In simple words: Because we don’t have time. When we are living in the data world where each second millions of documents generated and saved, it’s hard to get any useful information from that volume of the dataset. To overcome this problem it’s necessary to come up with a solution that can help the business need in the short term as well as in the long term.
Real-Life Use case
- Knowledge management: Searching across documents(most obvious application.), Answering natural language questions like we do normal googling every day, its a 1-day topic, but I‘ll leave in short and simple here for now.
- People and places: Matching candidates to jobs, if you have thousands of CV in your bucket and you want to shortlist with a simple query like “candidates which has 5 years of experience and who has 2 years of experienced in cloud and who live in silicon valley”, Finding people even when you can’t remember how to spell their names
- Offloading relational databases (RDBs): In SQL or NoSQL database, for each query, we need to specifically write the query and do its indexing and due to that its use case is very hectic to triggered ad-hoc query, “means you can’t query in SQL or NoSQL like what we do in normal day’s google search.
- If you have millions of documents and users query is not restricted then its time to move to something new, something interesting and life-changing.
- E-commerce and customer services: Product search
- Legal and contracts: ( Litigation research, Finding laws and regulations
- Security and intelligence : ( Identifying public threats, Identifying insider threats)
- Oil and gas : Finding places to drill for oil
- Content suggestions: ( Supporting the type-ahead or query completion search feature)
- Website: Website search
Feature List
- Searching: Keyword Based Search, Topic-Based Searching, Semantic Search
- KeyPhrase Extraction
- Text Summarization
- HighLighting the query result
- Document Categorization
- Word2Vec & Synonyms Enrichment
- FeedBack Learning / Query Re-ranking
Technology Stack
1. Topic Modeling
Topic Modelling is a technique in the field of text mining. As the name suggests, it is a process to automatically identify topics present in a text object and to derive hidden patterns exhibited by a text corpus. Thus, assisting better decision making.
It is an unsupervised approach used for finding and observing the bunch of words (called “topics”) in large clusters of texts.
Topics can be defined as “a repeating pattern of co-occurring terms in a corpus”. A good topic model should result in – “python”, “java”, “GO” for a topic – Programming Language.
Topic Models are very useful for the purpose for document clustering, organizing large blocks of textual data, information retrieval from unstructured text and feature selection.
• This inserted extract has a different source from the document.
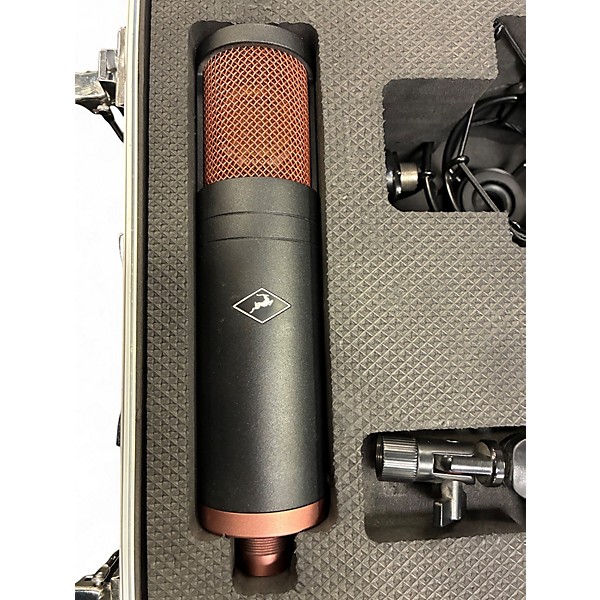 Used Antelope Audio EDGE DUO Condenser Microphone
There are many approaches for obtaining topics from a text such as – Term Frequency and Inverse Document Frequency. NonNegative Matrix Factorization techniques and the most important one i.e Latent Dirichlet Allocation and you guess it right we are using LDA for topic Modeling.
2. Word2Vec
Word embedding is one of the most popular representation of document vocabulary. It is capable of capturing the context of a word in a document, semantic and syntactic similarity, relation with other words, etc.
What are word embedding exactly? Loosely speaking, they are vector representations of a particular word. Having said this, what follows is how do we generate them? More importantly, how do they capture the context?
Word2Vec is one of the most popular techniques to learn word embeddings using shallow neural network. It was developed by Tomas Mikolov in 2013 at Google.
Consider the following similar sentences: Have a good day and Have a great day. They hardly have different meaning.
Word2Vec is a method to construct such an embedding. It can be obtained using two methods (both involving Neural Networks): Skip Gram and Common Bag Of Words (CBOW)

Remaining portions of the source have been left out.